Le plasturgiste entend financer une remontée de dividende de 300 millions d’euros une fois bouclée une opération de refinancement de 831 millions.

Dans un marché des «leveraged loans» où les opportunités d’achat se font plus rares, Kloeckner Pentaplast entend bien profiter de la course au rendement des investisseurs. Détenu depuis 2012 par ses créanciers juniors, le plasturgiste allemand est en effet à la manœuvre pour placer l’équivalent de 831 millions d’euros de prêts «first lien» libellés en devise européenne et en dollar.

L’opération, qui comprend également une ligne de crédit revolving de 100 millions d’euros, permettra au groupe de refinancer sa dette. Elle sera suivie d’une émission obligataire pour financer une remontée de dividendes (ou «dividend recap») de 300 millions d’euros, à l’instar des opérations annoncées respectivement fin mars et fin février par Materne et Picard, et plus récemment par Scout24.
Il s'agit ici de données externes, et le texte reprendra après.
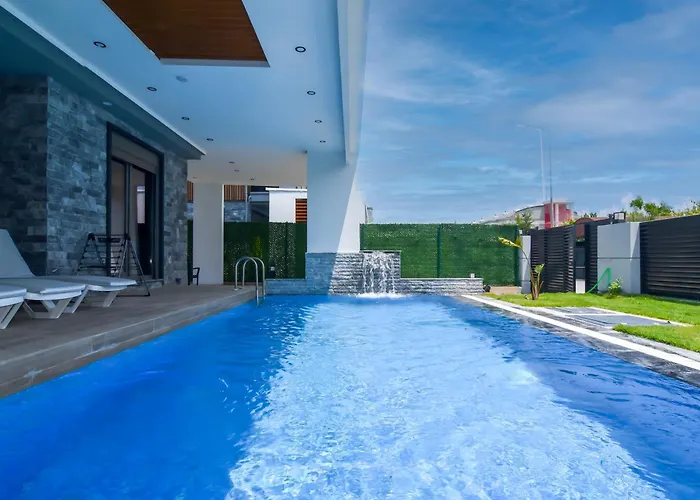 Antalya Luxury 1 别墅 贝莱克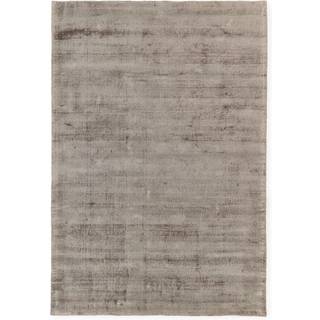 Handvævet viskose tæppe Jane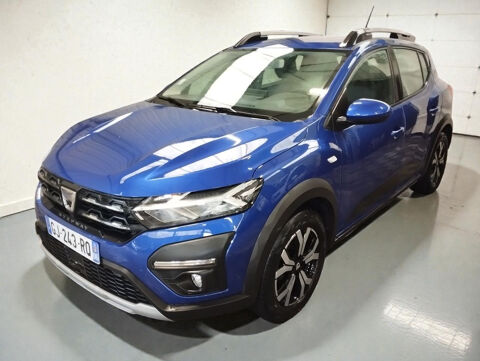 Dacia sandero 1.0 TCE 90 STEPWAY CFT -22
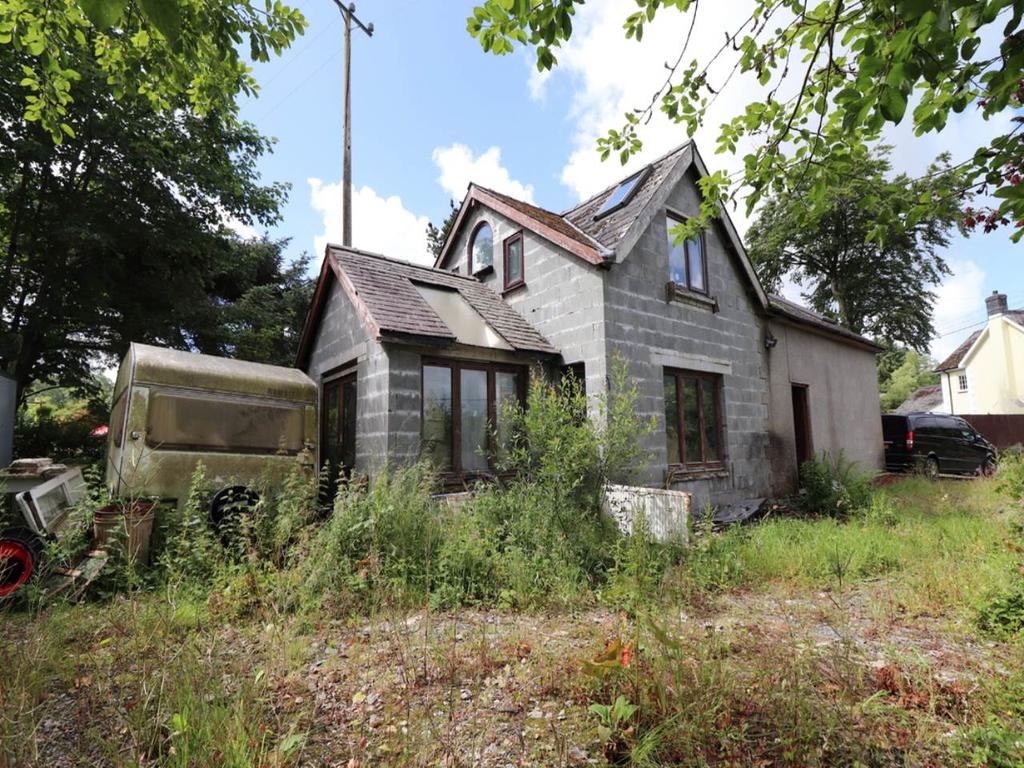 Maes Y Barcud, Devils Bridge... Detached house £179,950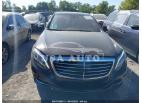 MERCEDES-BENZ S-CLASS S 550 2014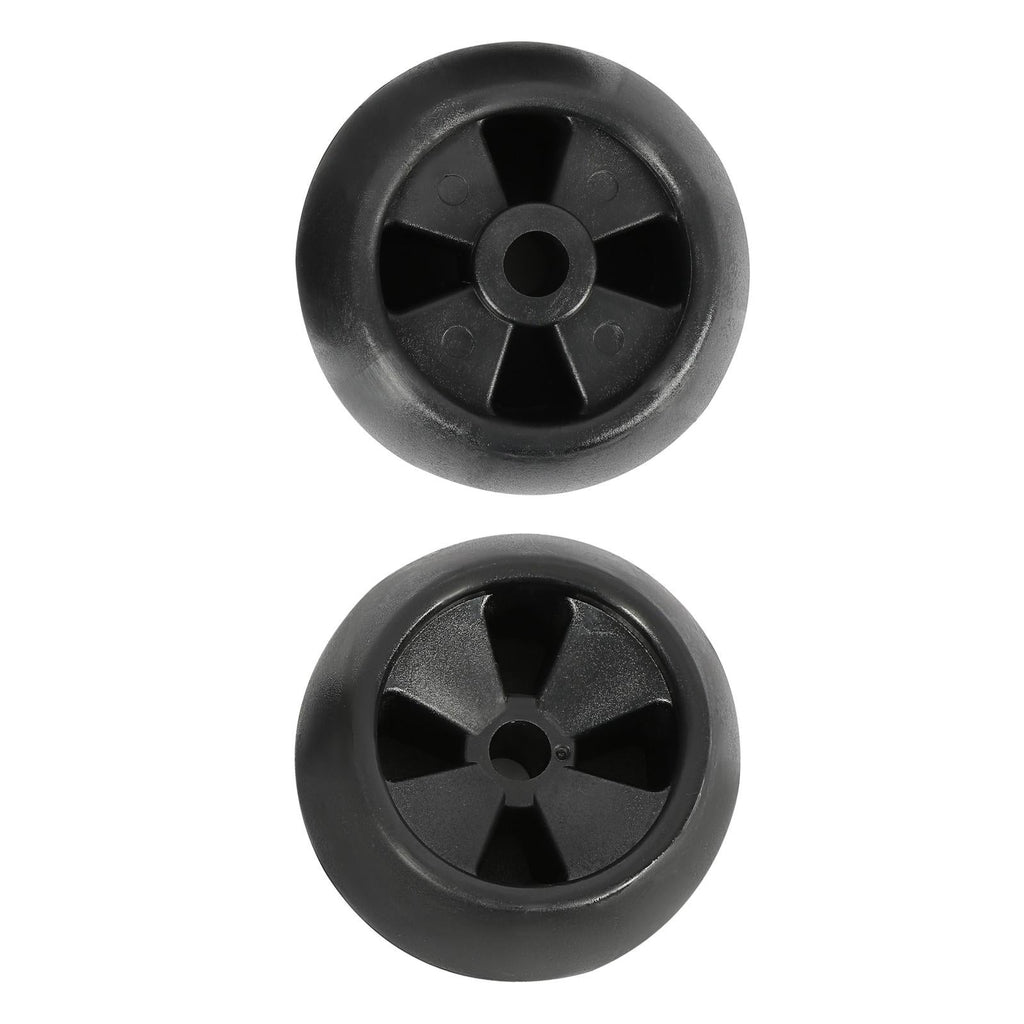 4 Deck Wheels For John Deere X500 X530 X580 Z426 LX266 A320 #M111489 #AM133602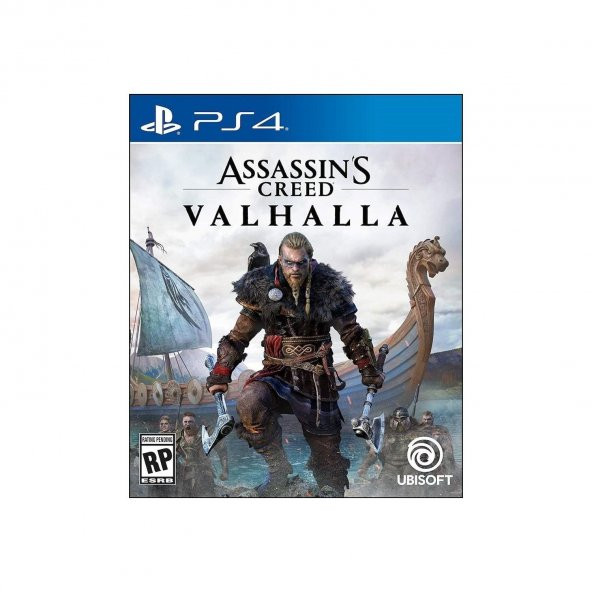 Assassin's Creed Valhalla PS4 Oyun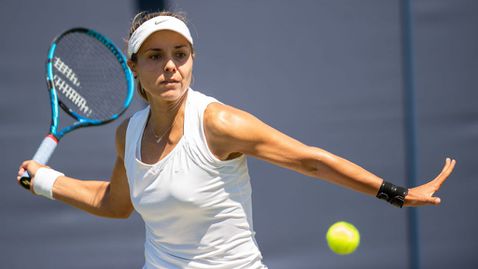 Виктория Томова остава 53-та в световната ранглиста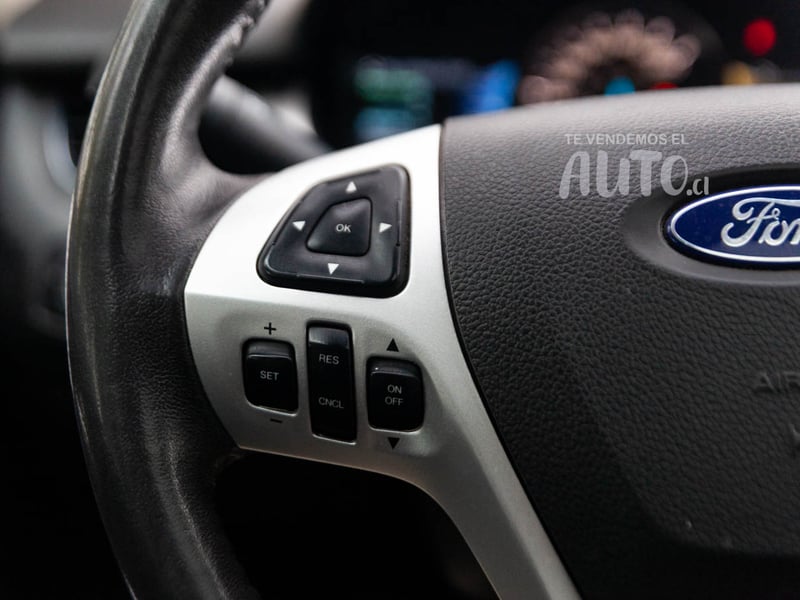 Ford Edge 2015 - Imagen 10 de 20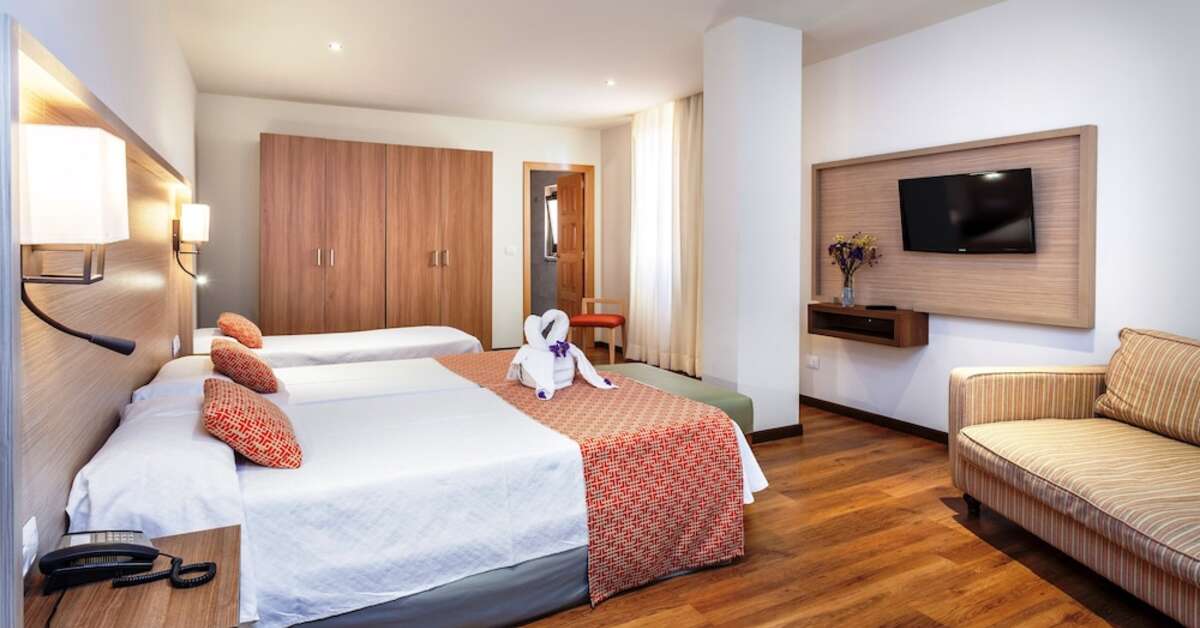 Een foto van Hotel Marquesa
«Les arrangeurs Credit Suisse, Barclays, Deutsche Bank et Jefferies espèreront répliquer la performance du dividend recap de 400 millions d’euros de Scout24, dont l’allocation a enregistré une forte demande des investisseurs la semaine dernière et conduit à un reverse-flex du prix», souligne S&P Capital IQ. Alors que le pricing de l’émission à 7 ans lancée par Scout24 a été réduit à une fourchette de 425 à 450 points de base (pb) au-dessus de l’Euribor, le placement à 5 ans de Kloeckner Pentaplast est prévu entre 450 et 475 pb.

A l’inverse de la transaction réalisée par Scout24, Kloeckner Pentaplast entend néanmoins surfer sur le goût du risque retrouvé des investisseurs en optant pour une émission à clauses allégées («cov-lite»). Bien que ces derniers aient encore en mémoire les difficultés de la société et les deux tentatives infructueuses de revente par ses actionnaires, la demande pourrait être au rendez-vous. «La plupart des souches traitant au-dessus du pair sur le marché secondaire, et étant donné la pénurie d’émission sur le marché primaire, il n’y a nulle part ailleurs où saisir des opportunités», écrit S&P Capital IQ, qui cite un investisseur.

A la suite d'une longue bataille déclenchée par un bris de covenants en 2011, les créanciers juniors de Kloeckner Pentaplast, emmenés par le hedge fund Strategic Value Partners, étaient devenus actionnaires de la société en 2012. Cette dernière s’était alors refinancée en émettant 807 millions d’euros de dette «first-lien» senior.